Every typical late 80s-early 90s suburban pop song or sitcom pretty much describes my adolescent years. I grew up in Grapevine, TX, with a mom who was an elementary music teacher and who was actively involved in our local church as the organist and children’s choir coordinator. I spent many aimless hours around our church; youth group was one of the central appointments of my daily schedule from birth through high school. I was able to find my center of community and relationships, as well as opportunities to serve and lead through my connections at our church. Personality-wise, I’m fairly introverted and generally uncomfortable with small talk, but I was able to discover my “voice” through digging myself into the church community; my youth minister during middle and high school, Dave Fabry, was a foundational mentor for me. He was so transparent in his personality, authentic in his love for all types of people, and inviting to push us beyond our comfort zones that I was able to become more comfortable engaging in activities like leading small groups or planning activities, which developed my confidence and influenced my future role as a teacher.

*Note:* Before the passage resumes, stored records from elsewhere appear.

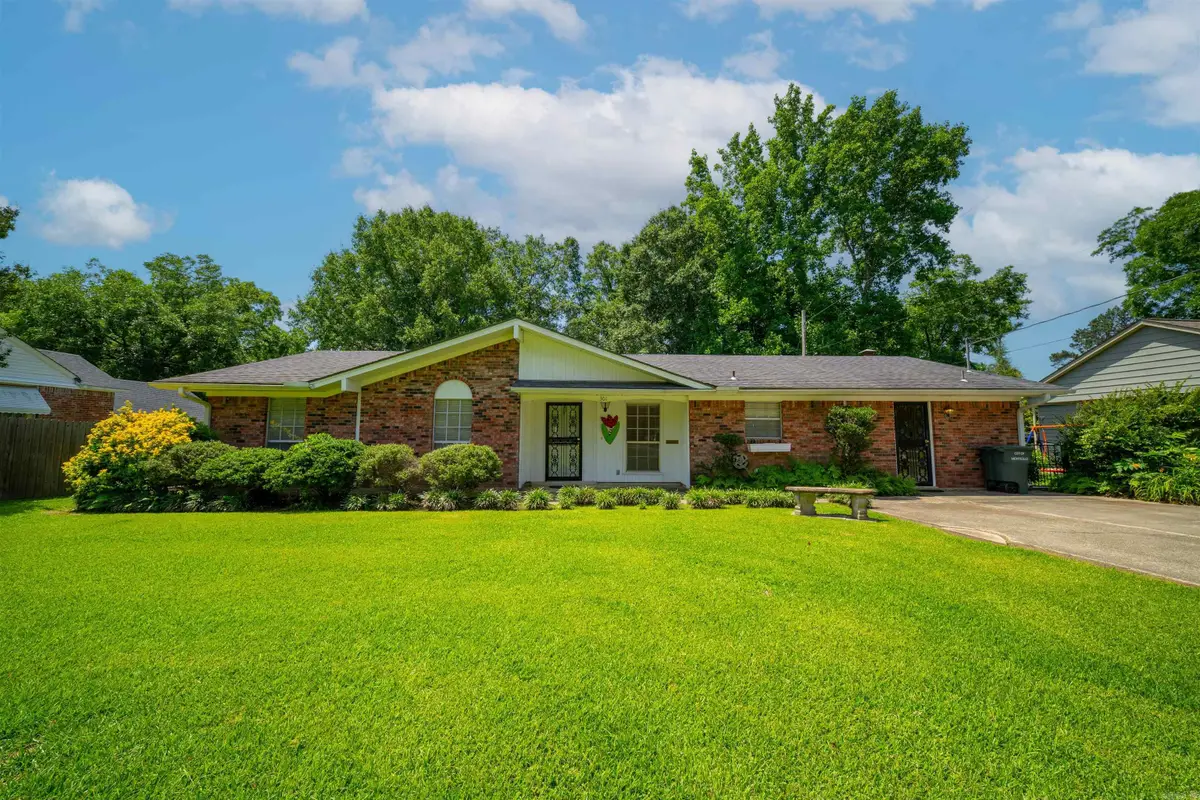 301 W Bolling Street, Monticello, AR 71655 - #1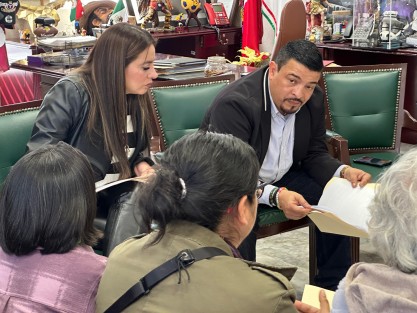 Con el objetivo de fortalecer el diálogo y acordar una agenda de atención a sus demandas y peticiones, el presidente de la Junta de Coordinación Política del Congreso del Estado, diputado Juan Javier Gómez Cazarín, atendió a integrantes del Colectivo Buscando a Nuestros Desaparecidos y Desaparecidas-Xalapa. 
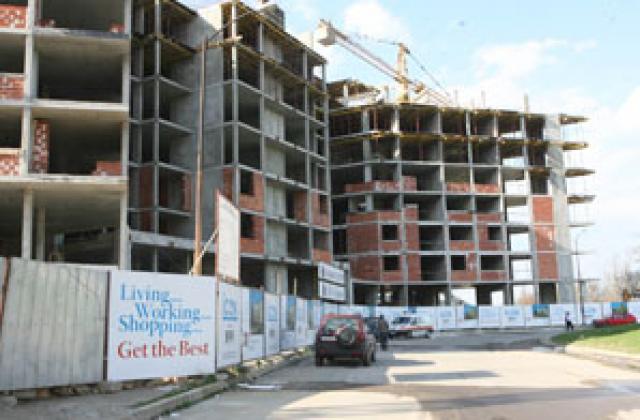 Между 25 и 30% от строежите в Бургас са замразени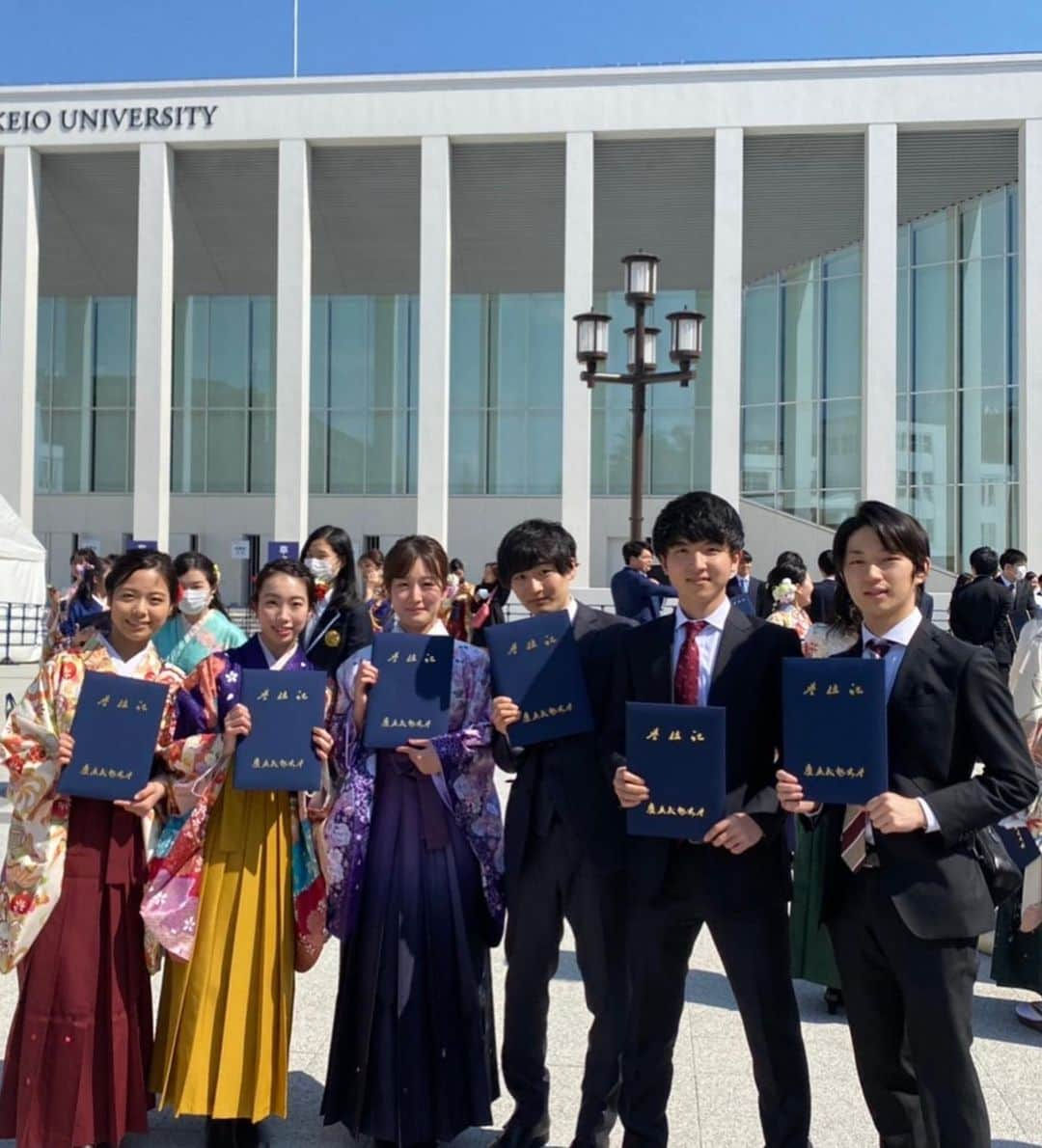 田嶋あいかさんのインスタグラム写真 - (田嶋あいかInstagram)「🌸﻿ 2021年3月23日、慶應義塾大学商学部を卒業しました。﻿ 大好きな友達に囲まれて過ごした大学生活は本当に幸せで、とっっっても充実した日々でした。終わってしまったのは悲しいけど、みんながもっともっとビッグになってまた再会できる日が楽しみでしょうがない！4月から大きく環境が変わりますが、これまでお世話になった方々へ少しでも恩返しができるようにこれからも頑張ります😊﻿ ﻿ #卒業式  #大学卒業 ﻿」3月24日 12時41分 - tajimaaika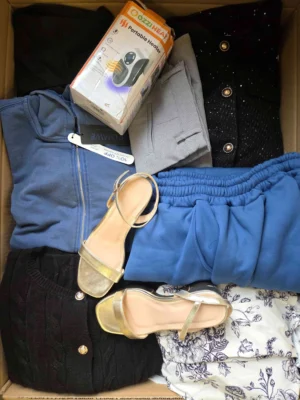 The photo shows a package with clothing in the category BSN.
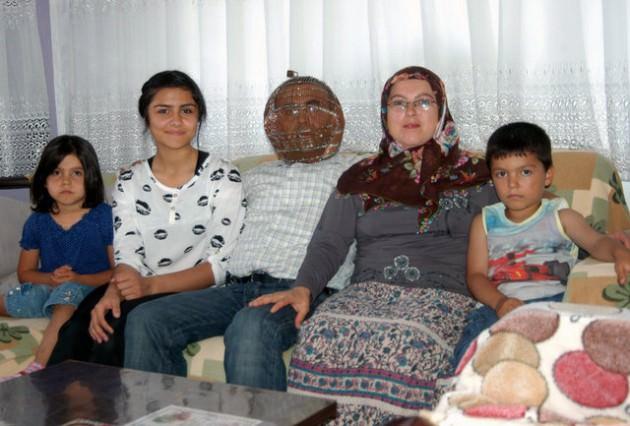 Kütahya'da oturan 42 yaşındaki İbrahim Yücel, sigara içmekten vazgeçemeyince, başına özel olarak bakır yaptırdığı tel kafesi geçiriyor. Bir kamu kuruluşunda tekniker olarak çalışan evli 3 çocuk babası İbrahim Yücel, 26 yıllık tiryaki olduğunu ve günde 2 paket sigara içtiğini söyledi. İbrahim Yücel, motosiklet kaskından esinlenerek bakır telden yaptığı kafesi kullanıyor. Yücel, kafesin kilidinin de eşinde olduğunu söyledi.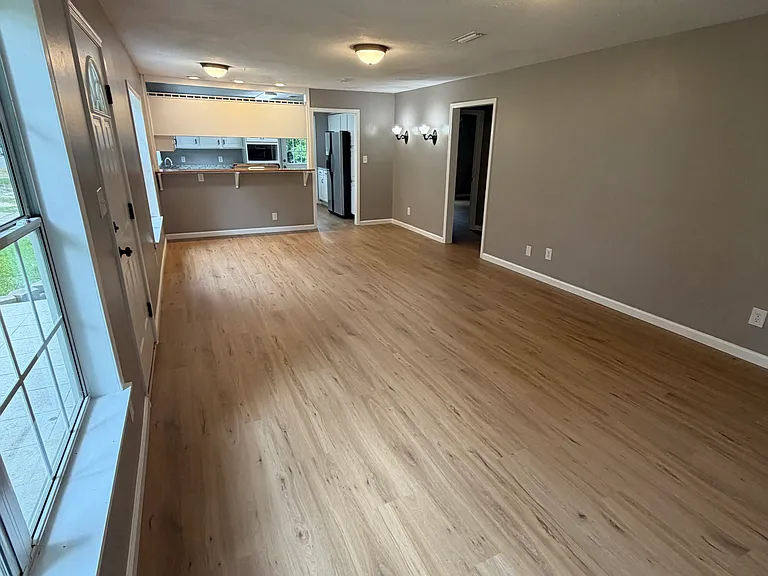 604 Strauss St — Photo 8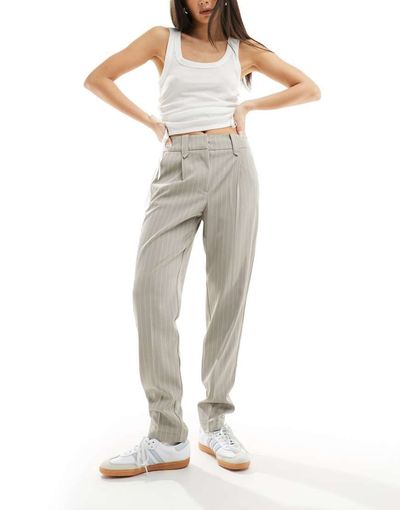 Vero Moda Vero Moda tapered pants with pleat front in light gray pinstripe-Black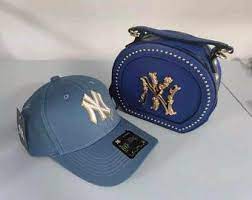 Ny Yankees Purse And Hat Set Etsy In 2021 Purses Sporty Chic Set Shopping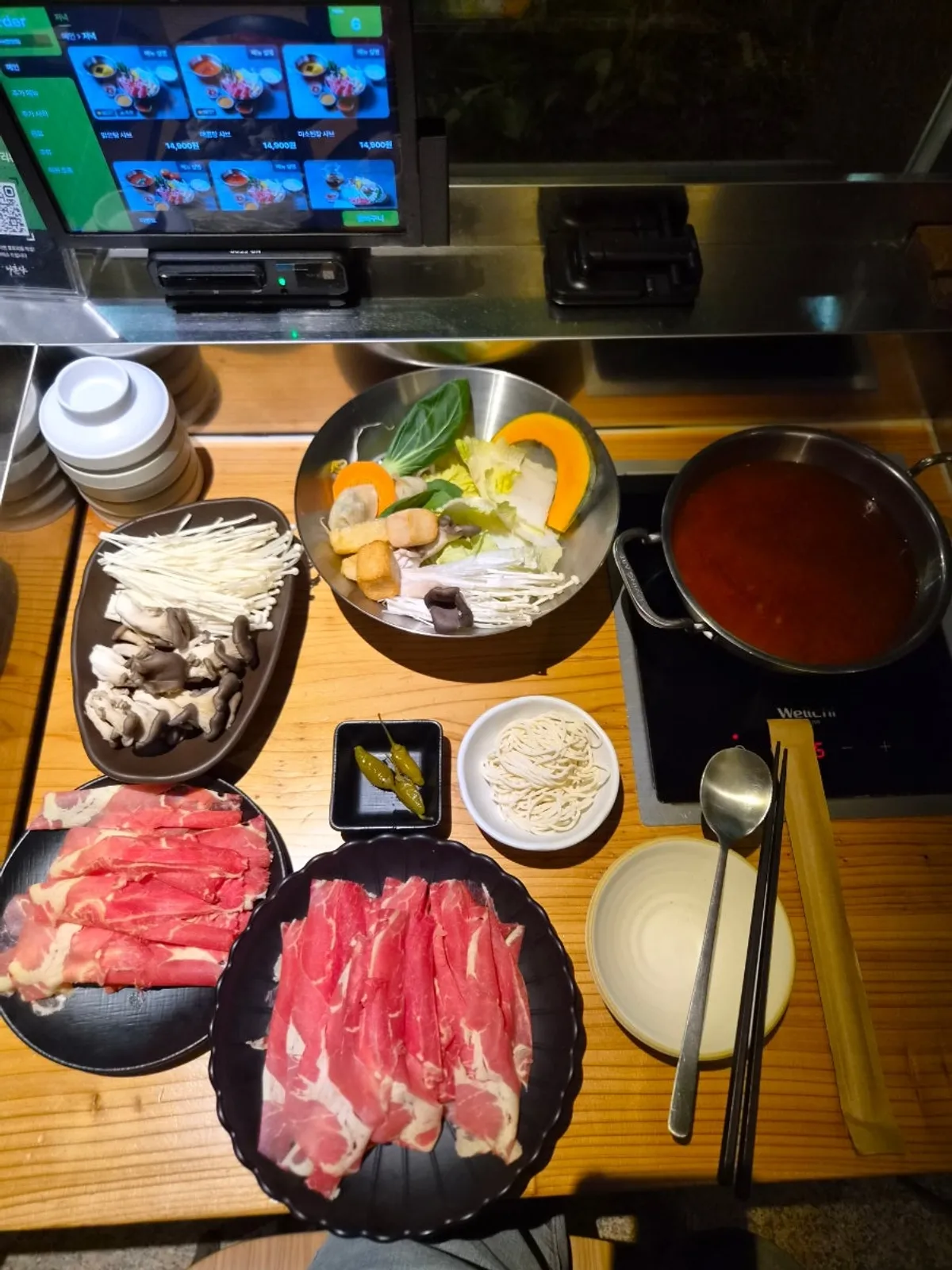 Nahonsha, a solo shabu-shabu restaurant near Hapjeong Station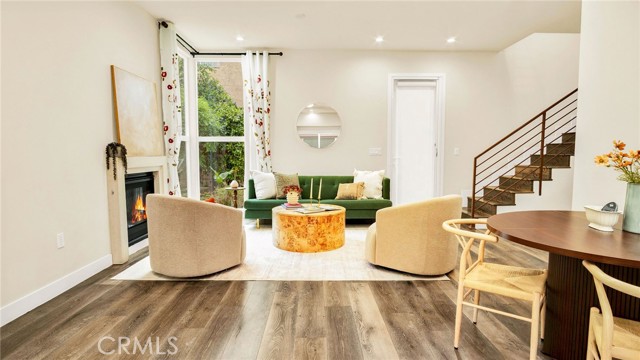 Detail Gallery Image 10 of 45 For 9237 Wakefield Ave #11,  Panorama City,  CA 91402 - 4 Beds | 3/1 Baths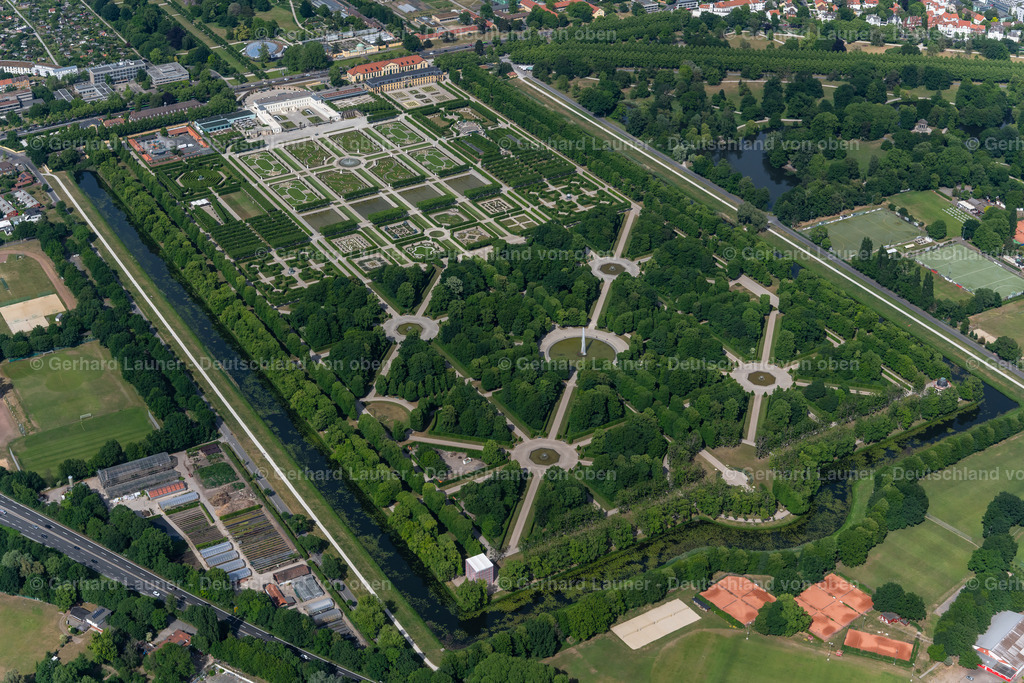4030911 | HANNOVER 02.06.2020 Der Große Garten im Stadtteil Herrenhausen in Hannover im Bundesland Niedersachsen. Der Barockgarten an der Herrenhäuser Straße wurde im 17. Jahrhundert errichtet und besteht aus vielen Broderiemustern und der zentral gelegenen Glockenfontäne. // The big garden in the part of town of Herrenhausen in Hannover in the federal state Lower Saxony. The baroque garden in the mansions street was established in the 17th century and exists of many Broderie scrutinise and the centrally situated bell jet. Foto: Gerhard Launer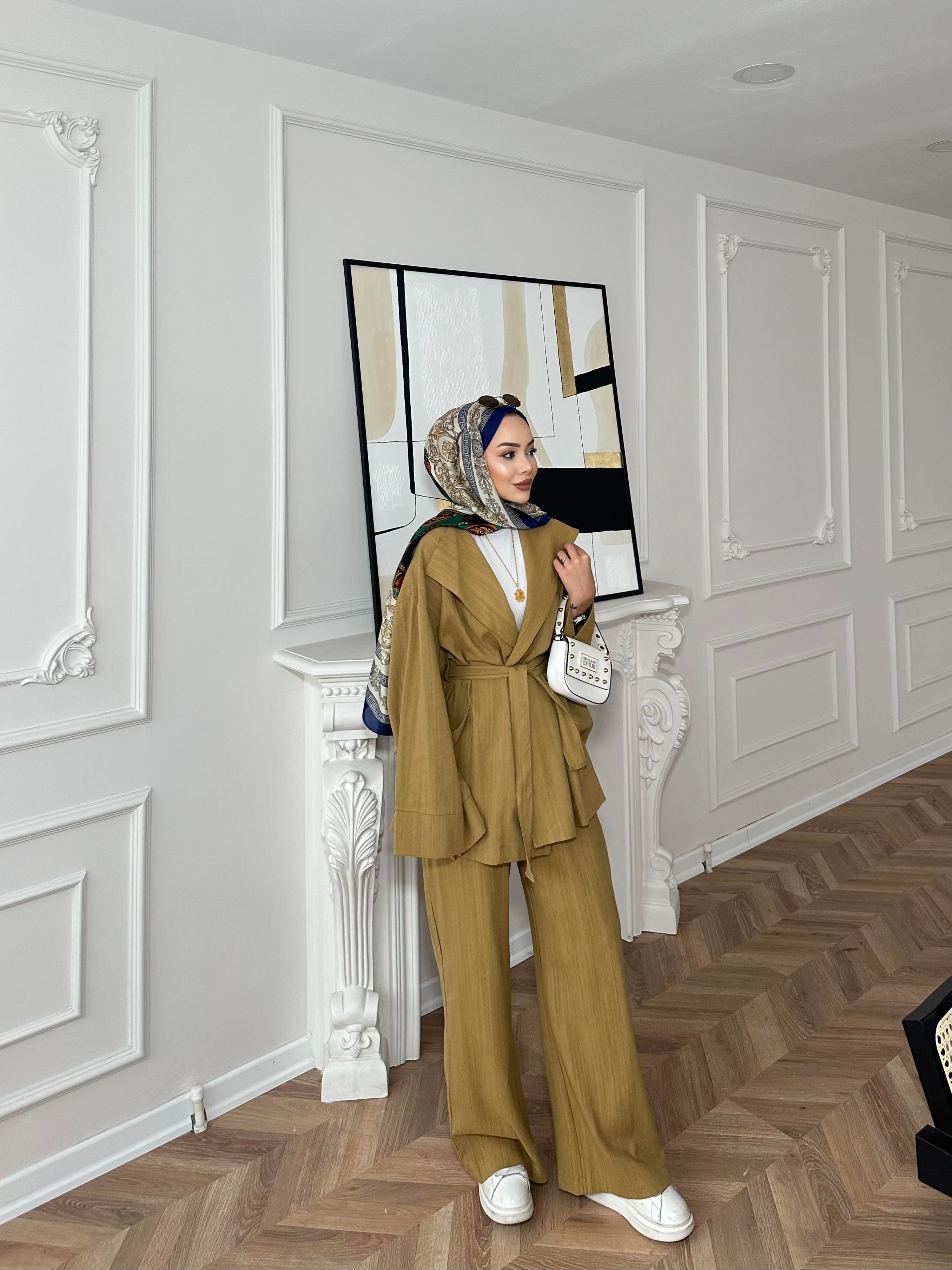 Peka Yakalı Takım Yağ Yeşili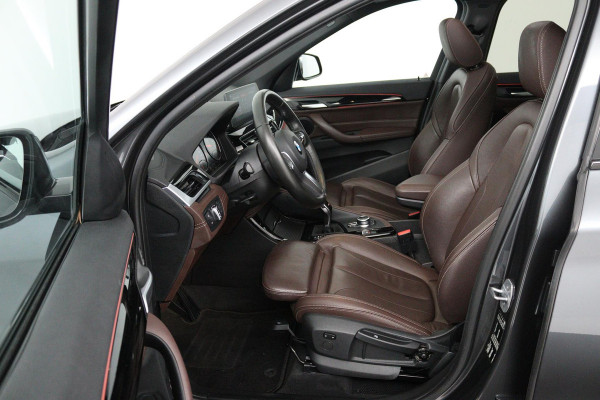 BMW X1 SDrive20i High Executive Edition (PANORAMADAK, STOELVERWARMING, HEAD-UP, CRUISE CONTROL, PARKEERSENSOREN, DEALER ONDERHOUD) BMW X1 SDrive20i High Executive Edition (PANORAMADAK, STOELVERWARMING, HEAD-UP, CRUISE CONTROL, PARKEERSENSOREN, DEALER ONDERHOUD)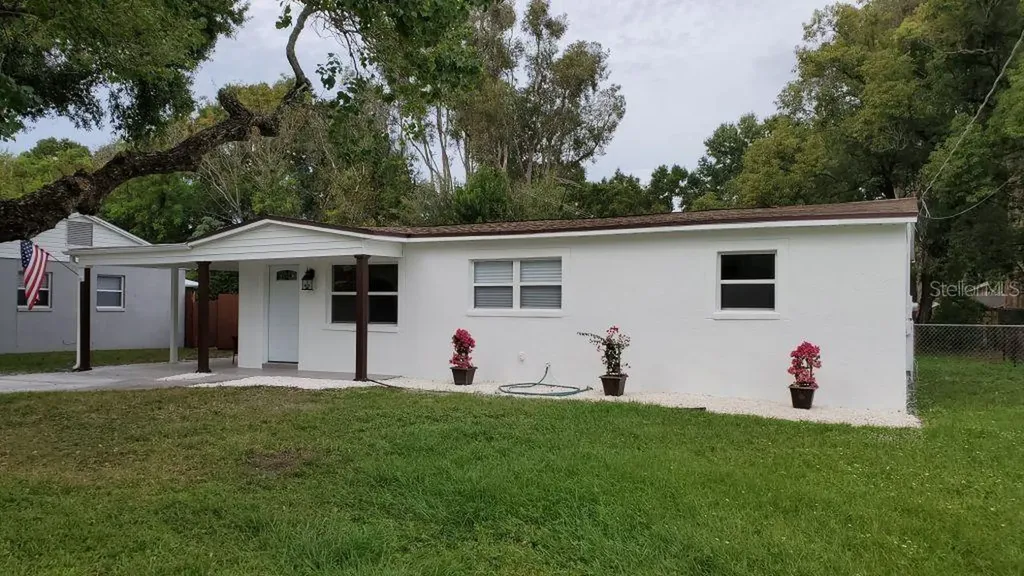 4005 W Fair Oaks Avenue Tampa FL 33611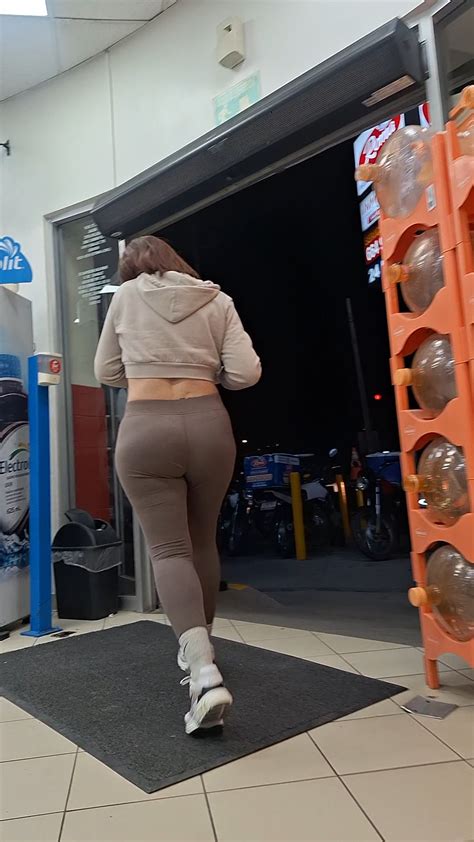 Latina Jiggle Big Butt In Brown Leggings Oc Video Spandex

Outside of church, I was actively involved in playing basketball from elementary school rec teams coached by my dad and my friend’s dad through the varsity team in high school. I was never the most talented player, and my physical size certainly didn’t put off “star player vibes,” but I was fortunate to use my love of playing on a team and ability to consistently work harder than others at the “dirty parts” of the game that I was able to carve out a spot on the teams. Those practices and team time were some of my fondest memories growing up. Some of my closest friends throughout my adolescence were formed on the court. As a quiet, more individualistic kid, those hours alone shooting hoops on my driveway at home are seared into my DNA. On the driveway, I could break out of my shell and be any player, be as successful, and work harder than all of my friends, at least in my head! My love of basketball continues to this day as an avid sports watcher and 20+ year season ticket holder to the Dallas Mavericks. It’s even carried over to today as a bridge builder with my oldest son, talking, watching, and spending so much quality time together around the sport over his 15 years.
A final part of my time as a kid and a teenager, which dove-tailed with my times alone shooting hoops, was my love of reading and all things movies/TV. From a very young age, my dad instilled in me a passion for reading; we always had a wide range of books around the house. He was never shy in reading to us and sharing his favorite books. I spent way too much time at the library as a kid. Time which allowed me to get lost in so many different stories: again giving me a “voice” when I was actually shy and afraid in the “real world.” Every family vacation, I would haul along an extra bag full of a ton books to bide my time on the road trips. Those stories opened up my perspectives about the emotions of people unlike myself, which also helping me solidify my lifelong love of intellectual curiosity of learning. The same can go with my trips to the movie theater or the hours spent watching cartoons and sitcoms on television. As a teen, I craved those trips to the movies; they became weekly rituals during the summer. Sometimes by myself, most of the time with close friends who shared my interest in the newest blockbusters as well as growing my fascinating with arthouse independent films. TV was my afternoon escape after elementary school (what glorious time for cartoons!), and as I grew, sitcoms became another common language between me and my friends and opportunities to feel more comfortable interacting with others. Looking back now, it makes complete sense that my career as a teacher of the humanities was molded by those formative times in the dark theater or the blue glow of the TV and the captivating conversations about those experiences with my friends afterwards.